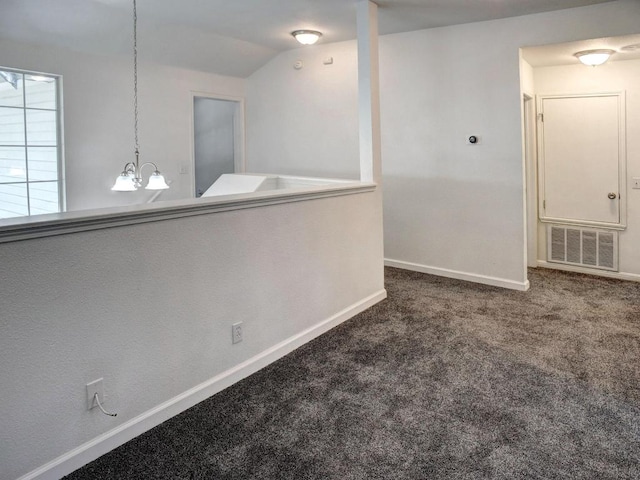 117 High Point Blvd, Cedar Creek, TX 78612 - carpeted empty room featuring vaulted ceiling and a chandelier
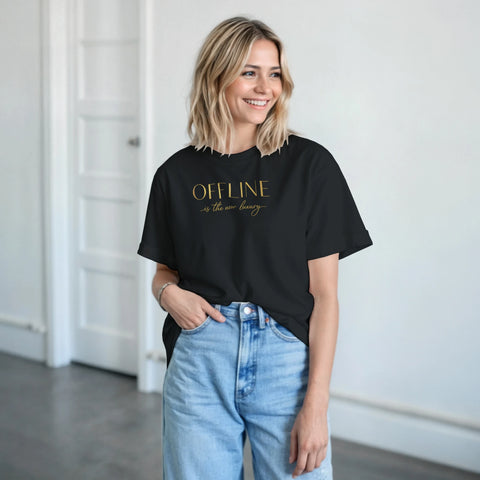 Kvinna bär en svart t-shirt med guldtext och avslappnad stil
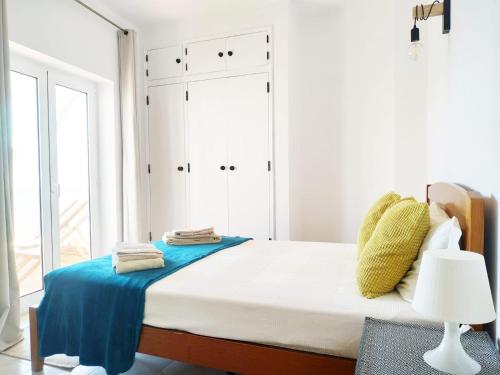 een witte slaapkamer met een groot bed met blauwe lakens bij Tavira Lovers - City Centre Apartments in Tavira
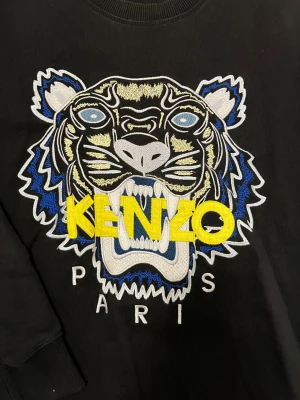 Svart Kenzo sweatshirt - Svart sweatshirt från Kenzo med ikonisk broderad tiger i blått, vitt och gult på bröstet. Tröjan har rund hals, ribbade muddar och lång ärm. Stort gult Kenzo-tryck och Paris-text under tigern. Perfekt statement-plagg för dig som gillar streetstyle.
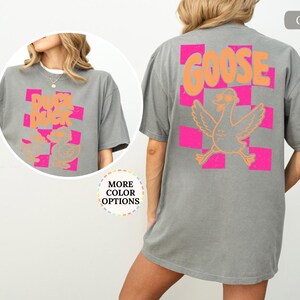 May include: A gray t-shirt featuring a back graphic of a goose wearing sunglasses over a pink and orange checkered pattern with the text GOOSE. The front chest area displays a smaller graphic of two ducks with the text DUCK DUCK.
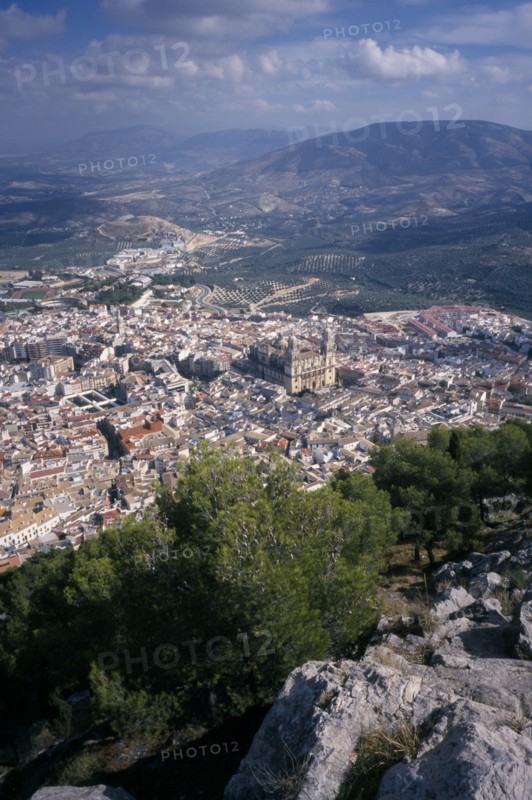 SPAIN, Andalucia, Jaén Province, "View from rocky hillside over Jaen with the cathedral in the centre, to distant hills"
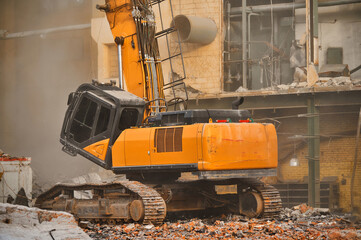 Hydraulic excavator with caterpillars demolishes old factory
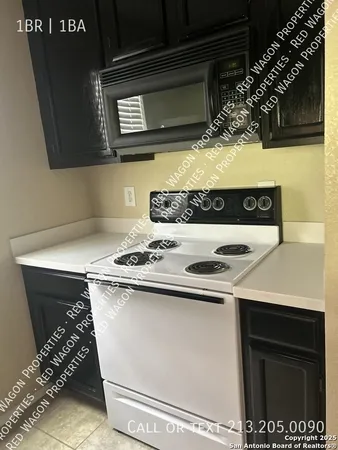 a kitchen with a stove and a microwave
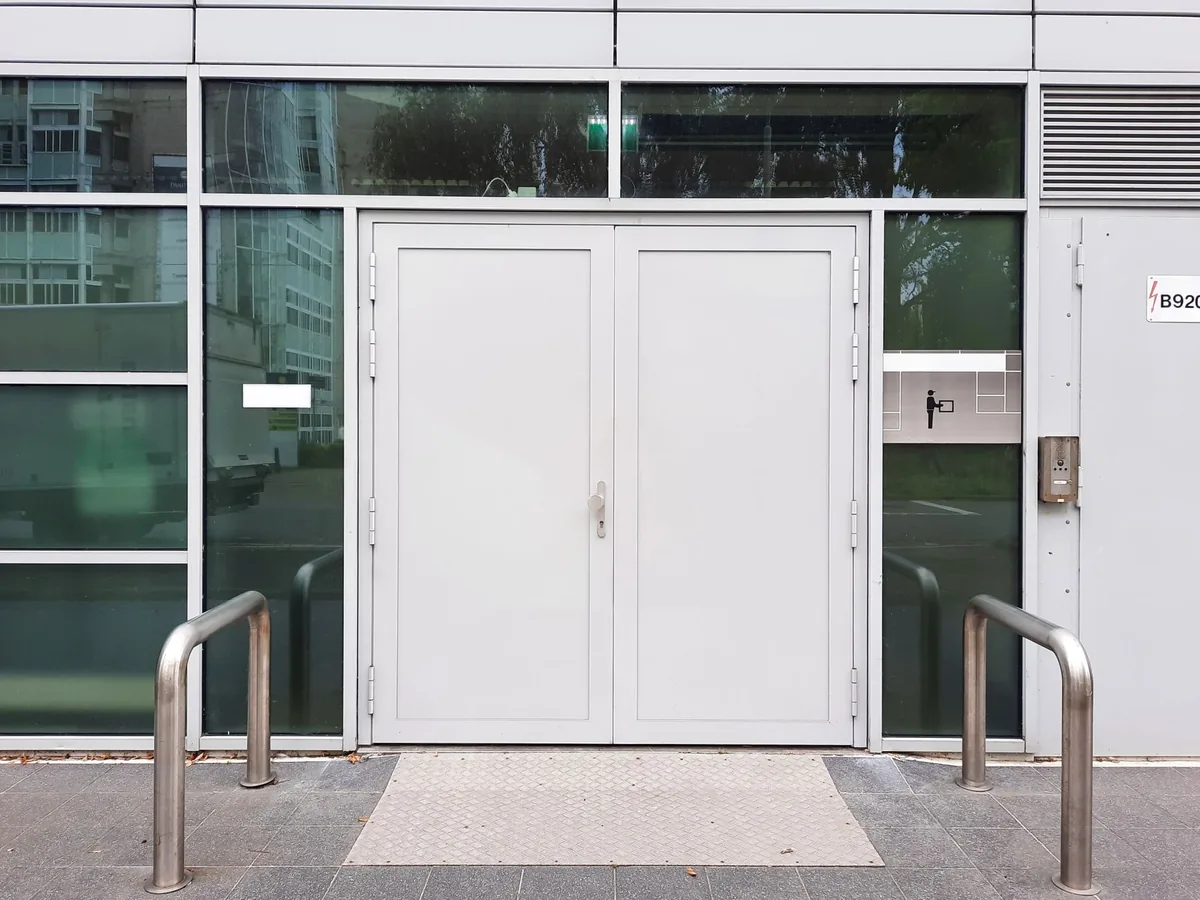 Front view of a modern industrial glass building entrance with double doors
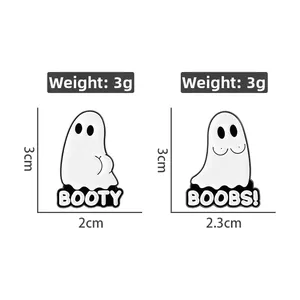Detail showing dimensions of funny ghost enamel pins with BOOTY and BOOBS lettering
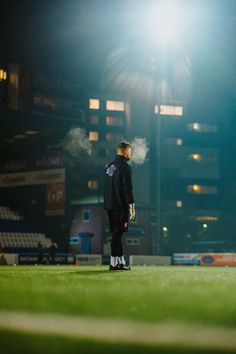 a man standing on top of a lush green field next to a soccer field at night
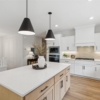 Pheasant Run Sadie Cottage Rambler Detached Villa – Kitchen island with custom cabinet, counter lighting and wood floors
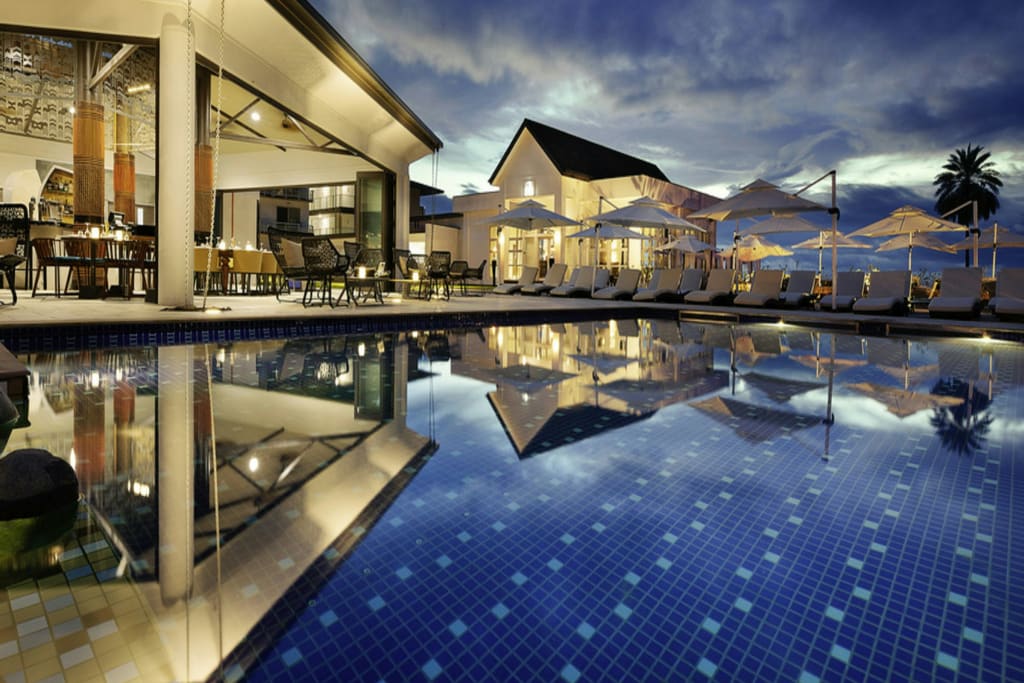 A lit resort building reflected in a still swimming pool at dusk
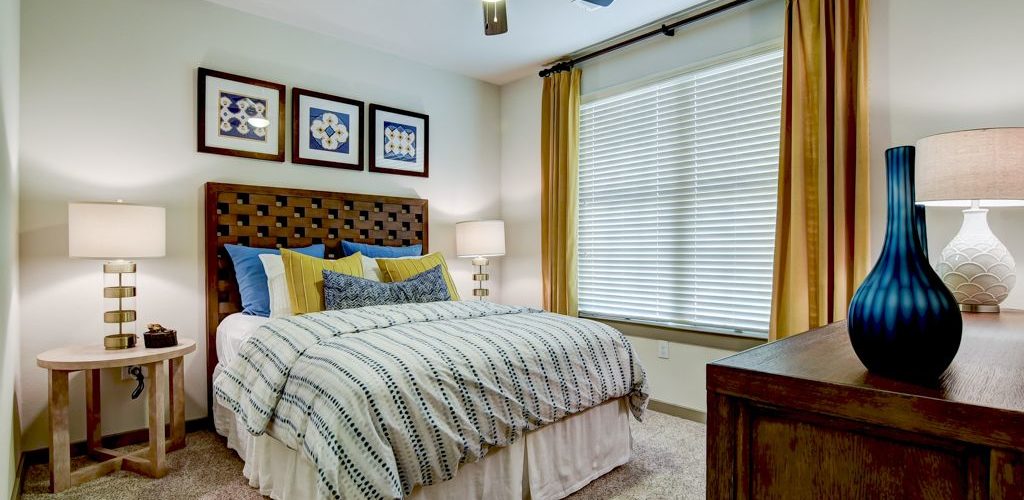 Model apartment carpeted and furnished bedroom with ceiling fan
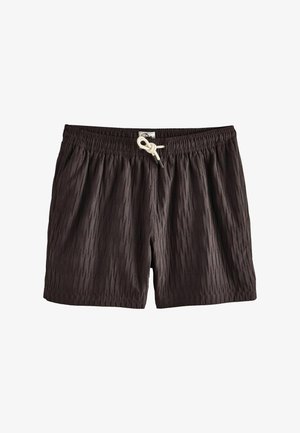 Chiloți de baie negri, texturați, cu talie elastică și șnur alb legat în nod în fața, în centru.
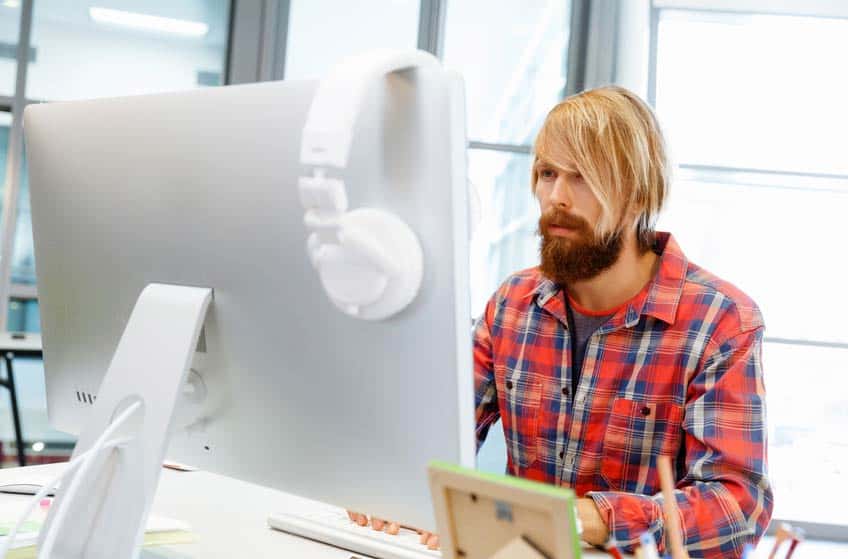 Record Company Salesperson looking at his computer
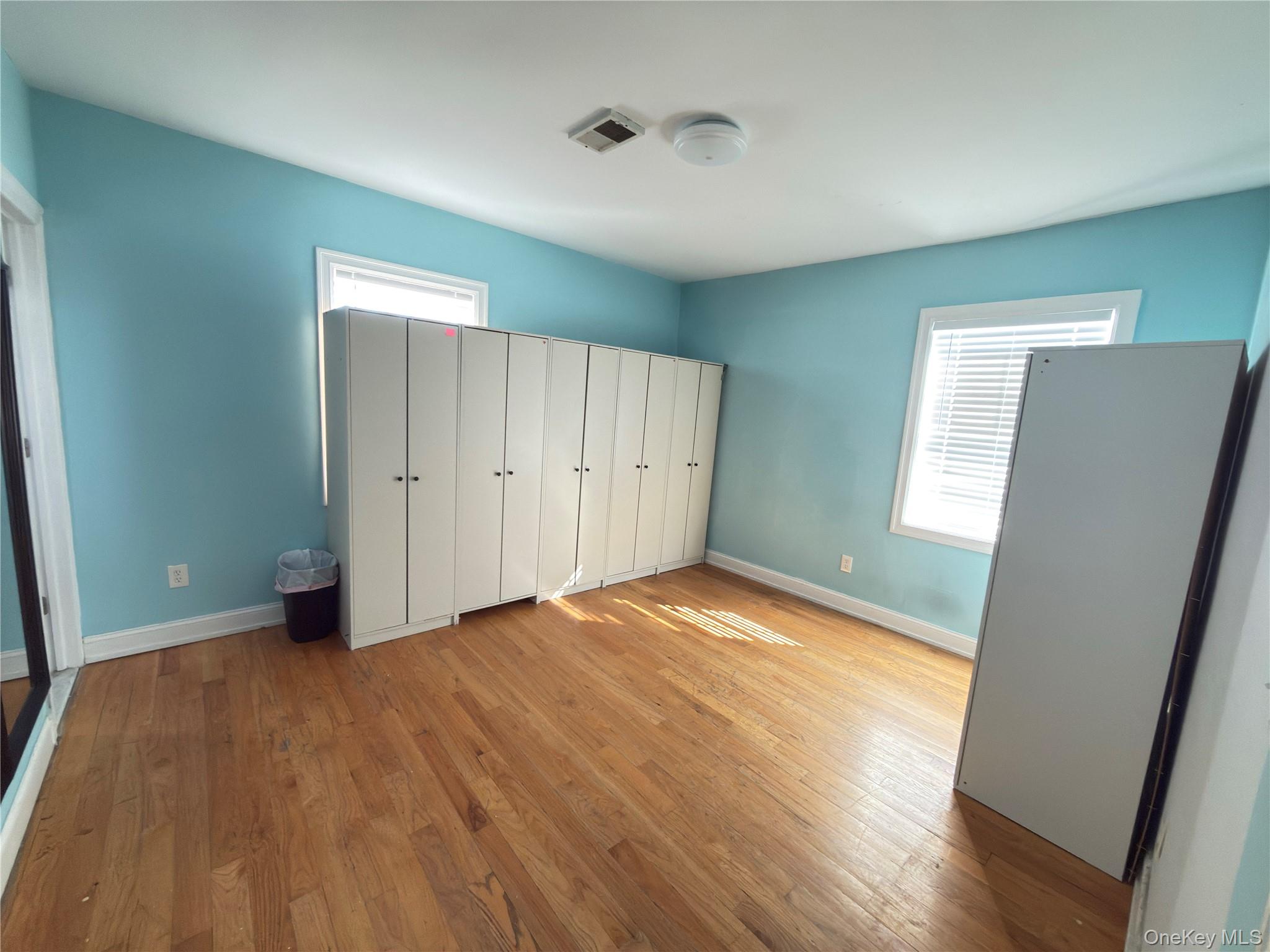 48 Church Street Patchogue, NY 11772 - Photo 8 of 19 a view of empty room with wooden floor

-- Exercise instructions --
Please repeat exactly the data above from its first line to the line that contains "a kitchen with a stove and a microwave", inclusive, and leave every picture out.

-- Written response --
 117 High Point Blvd, Cedar Creek, TX 78612 - carpeted empty room featuring vaulted ceiling and a chandelier
 Kvinna bär en svart t-shirt med guldtext och avslappnad stil
 een witte slaapkamer met een groot bed met blauwe lakens bij Tavira Lovers - City Centre Apartments in Tavira
 Svart Kenzo sweatshirt - Svart sweatshirt från Kenzo med ikonisk broderad tiger i blått, vitt och gult på bröstet. Tröjan har rund hals, ribbade muddar och lång ärm. Stort gult Kenzo-tryck och Paris-text under tigern. Perfekt statement-plagg för dig som gillar streetstyle.
 May include: A gray t-shirt featuring a back graphic of a goose wearing sunglasses over a pink and orange checkered pattern with the text GOOSE. The front chest area displays a smaller graphic of two ducks with the text DUCK DUCK.
 SPAIN, Andalucia, Jaén Province, "View from rocky hillside over Jaen with the cathedral in the centre, to distant hills"
 Hydraulic excavator with caterpillars demolishes old factory
 a kitchen with a stove and a microwave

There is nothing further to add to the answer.